» **What the task requires**
Without the images, reproduce each line of the material exactly.

++++++++

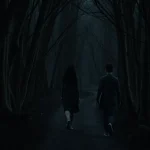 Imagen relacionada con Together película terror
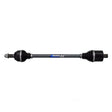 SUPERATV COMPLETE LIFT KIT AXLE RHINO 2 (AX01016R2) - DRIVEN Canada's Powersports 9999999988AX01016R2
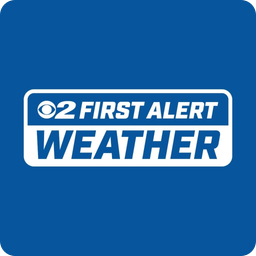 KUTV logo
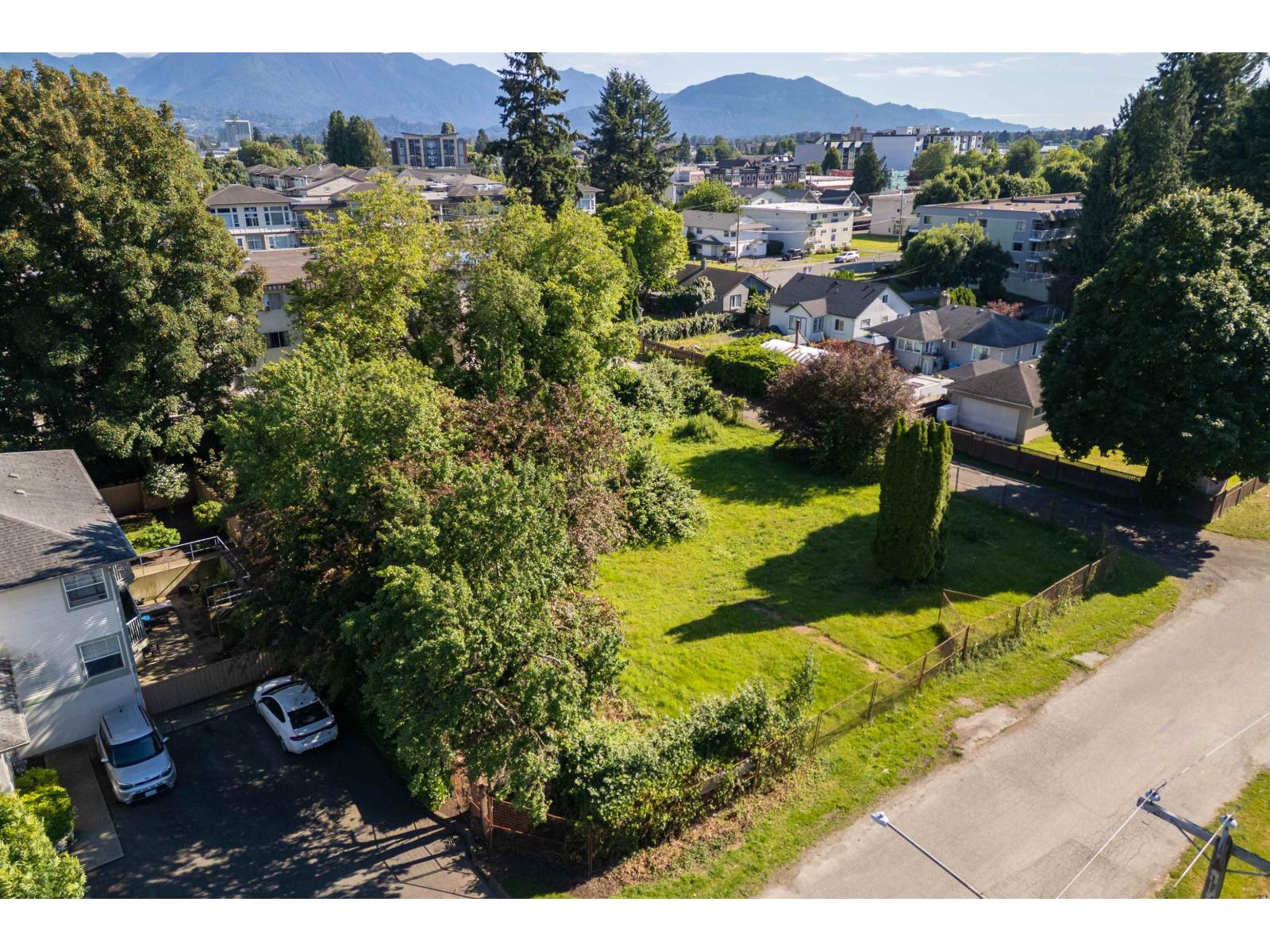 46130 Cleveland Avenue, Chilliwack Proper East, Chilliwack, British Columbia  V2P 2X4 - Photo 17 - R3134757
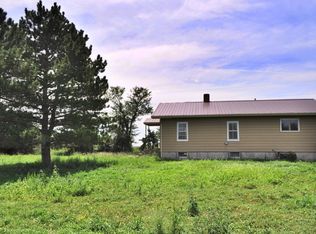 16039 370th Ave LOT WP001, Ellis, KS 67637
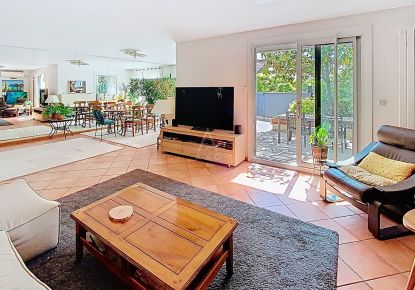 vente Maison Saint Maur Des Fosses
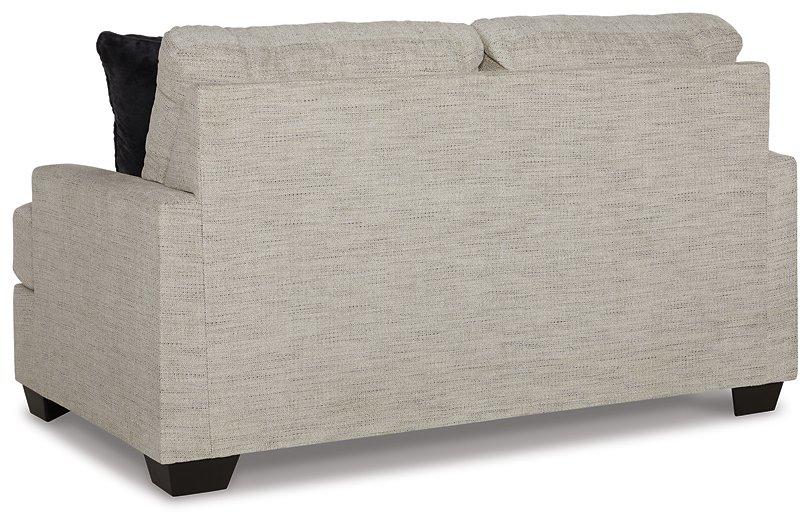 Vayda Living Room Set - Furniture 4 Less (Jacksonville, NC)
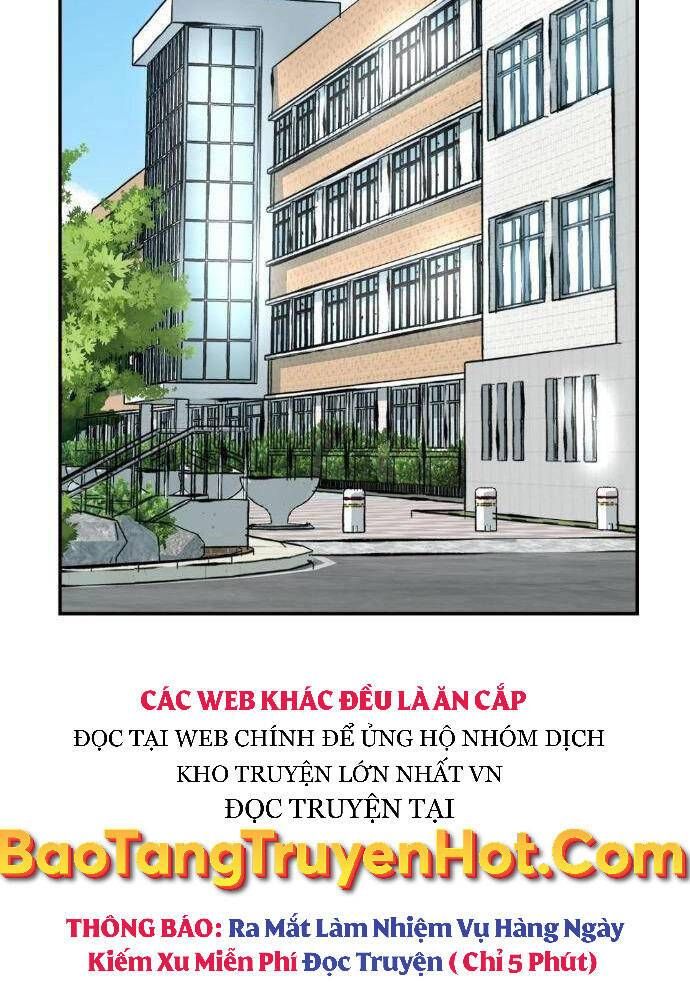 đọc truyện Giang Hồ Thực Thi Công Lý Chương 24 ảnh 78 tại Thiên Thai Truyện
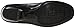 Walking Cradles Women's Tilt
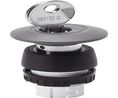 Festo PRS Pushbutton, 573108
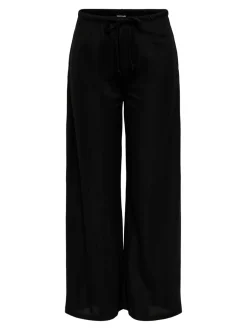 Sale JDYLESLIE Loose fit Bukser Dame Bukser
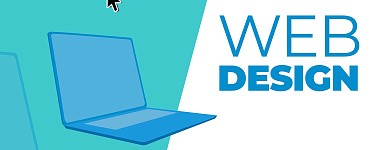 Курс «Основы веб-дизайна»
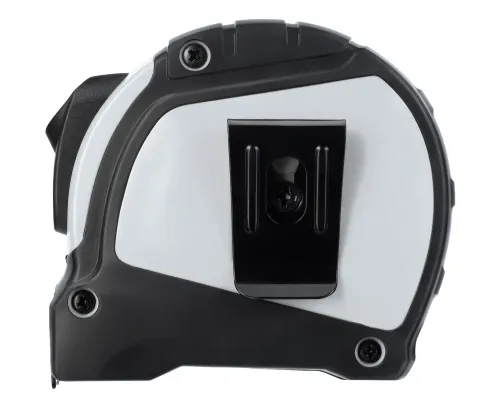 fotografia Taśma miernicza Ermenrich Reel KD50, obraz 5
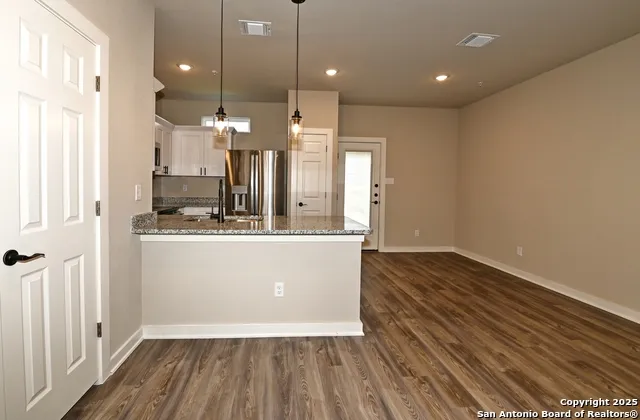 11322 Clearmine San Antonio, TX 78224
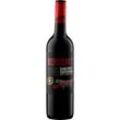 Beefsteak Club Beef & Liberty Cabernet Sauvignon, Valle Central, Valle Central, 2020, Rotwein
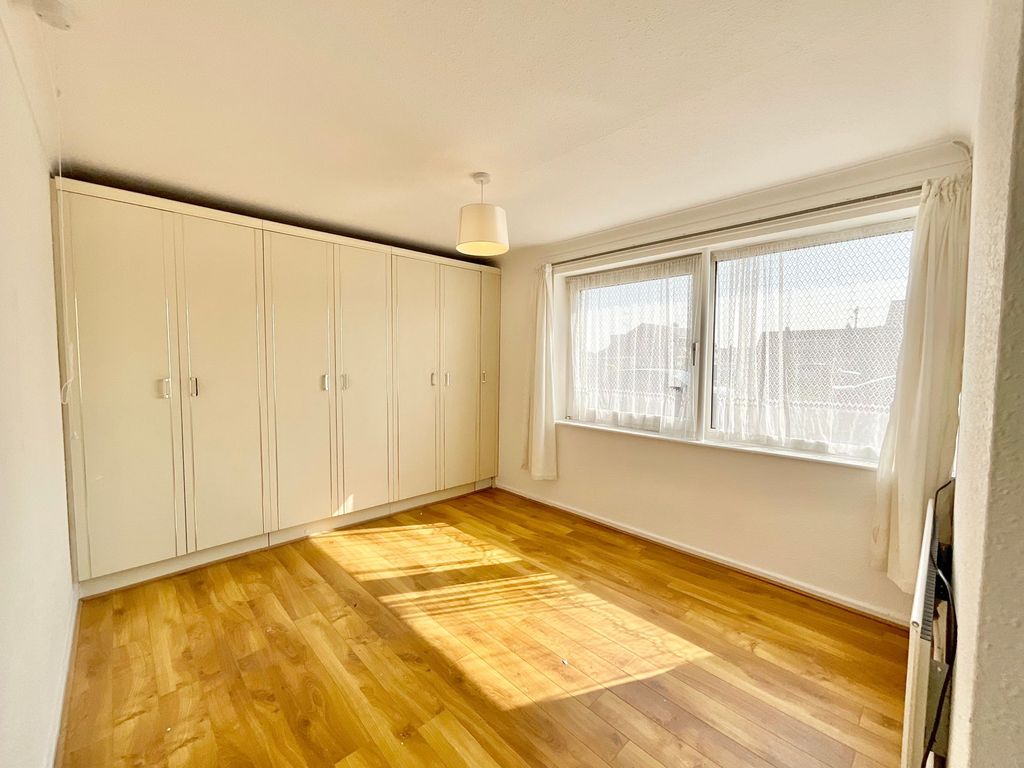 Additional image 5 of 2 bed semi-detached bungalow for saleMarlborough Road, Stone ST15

++++++++

» **Solution to this problem**
 Imagen relacionada con Together película terror
 SUPERATV COMPLETE LIFT KIT AXLE RHINO 2 (AX01016R2) - DRIVEN Canada's Powersports 9999999988AX01016R2
 KUTV logo
 46130 Cleveland Avenue, Chilliwack Proper East, Chilliwack, British Columbia  V2P 2X4 - Photo 17 - R3134757
 16039 370th Ave LOT WP001, Ellis, KS 67637
 vente Maison Saint Maur Des Fosses
 Vayda Living Room Set - Furniture 4 Less (Jacksonville, NC)
 đọc truyện Giang Hồ Thực Thi Công Lý Chương 24 ảnh 78 tại Thiên Thai Truyện
 Walking Cradles Women's Tilt
 Festo PRS Pushbutton, 573108
 Sale JDYLESLIE Loose fit Bukser Dame Bukser
 Курс «Основы веб-дизайна»
 fotografia Taśma miernicza Ermenrich Reel KD50, obraz 5
 11322 Clearmine San Antonio, TX 78224
 Beefsteak Club Beef & Liberty Cabernet Sauvignon, Valle Central, Valle Central, 2020, Rotwein
 Additional image 5 of 2 bed semi-detached bungalow for saleMarlborough Road, Stone ST15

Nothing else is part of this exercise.